Sono da sempre un appassionato di film che hanno come tema la crescita, all’adolescenza realizzati negli anni ’80, come Stand by Me. Per raccontare Fatima ci siamo calati nel profondo di questi nuovi cittadini italiani provando a immaginare quale potesse essere la loro adolescenza, documentandoci anche attraverso varie testimonianze. Ma i temi principali dell’adolescenza sono comuni a tutti, che tu sia italiano, calabrese o marocchino.

L'afide e la formica
(ph: Giuseppe Carchedi)

Fatima è in una zona grigia: non sa chi è, se è italiana o marocchina. Rappresenta la generazione Z che rompe con il passato creando nuove identità…

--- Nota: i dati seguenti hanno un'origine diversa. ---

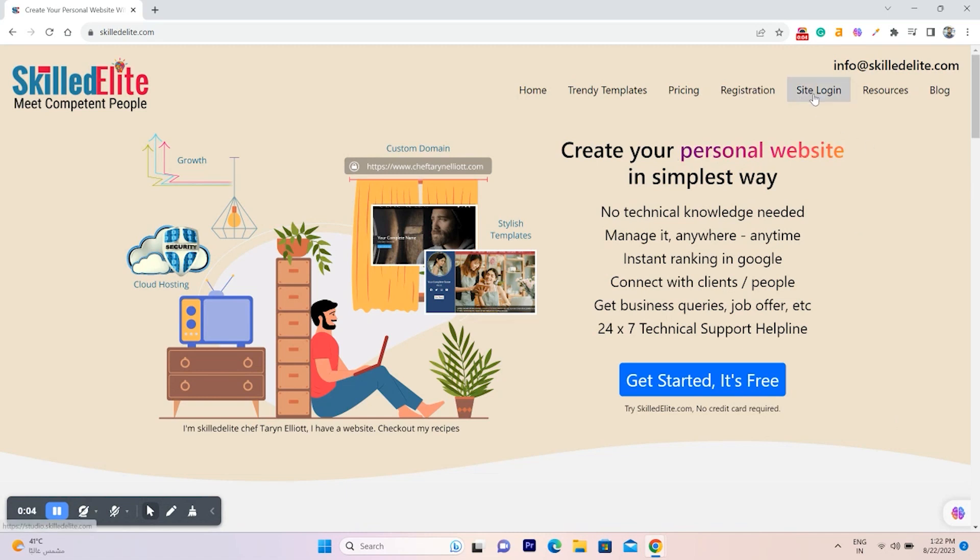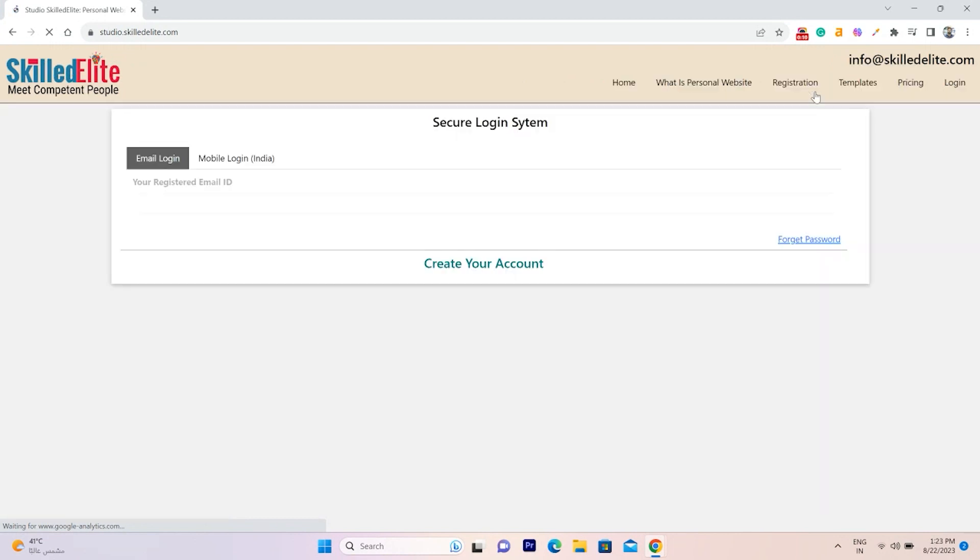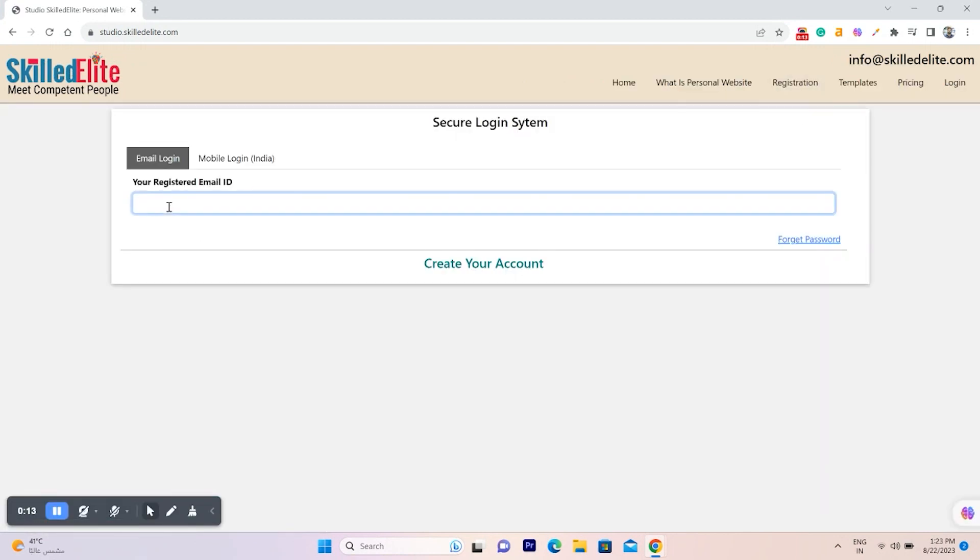Welcome to Skilled Elite. Today we will learn how to log in with a registered email and password. This is the latest and most secure version of the login system. Upon entering your registered email, our system will promptly verify it against our database.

È una nuova identità che prescinde dal luogo in cui nasci e cresci, legata specialmente alle emozioni e le vicissitudini che si affrontano nella vita. A un certo punto del film Fatima dice: «Non so se sono italiana, non so se sono marocchina. Io so solo che voglio essere come tutti gli altri». Forse neanche a lei interessa sapere se è italiana o marocchina. È così importante darci un’etichetta? Magari no, magari bisogna essere solo degli esseri umani che cercano la felicità e la libertà.

Ispirato dal coraggio di Fatima anche Michele (Beppe Fiorello) abbatte il muro del silenzio e della paura. Entrambi usano lo sport come mezzo di liberazione dal passato.

Nel film lo sport, rappresentato dalla corsa, ci sembrava la metafora giusta per parlare di un percorso. La corsa è sia voglia di scappare, come dice Michele a Fatima, sia la metafora giusta per parlare di un viaggio. Fatima e Michele partono insieme per un viaggio che non è altro che la corsa della loro vita. Non finisce, arriva a una destinazione che segna un nuovo inizio, con il passaggio di testimone tra loro due, come una sorta di staffetta. Michele finisce la sua corsa ma permette a Fatima di iniziarne una nuova.

Com’è stato lavorare con Giuseppe Fiorello, Valentina Lodovini e la giovane Cristina Parku?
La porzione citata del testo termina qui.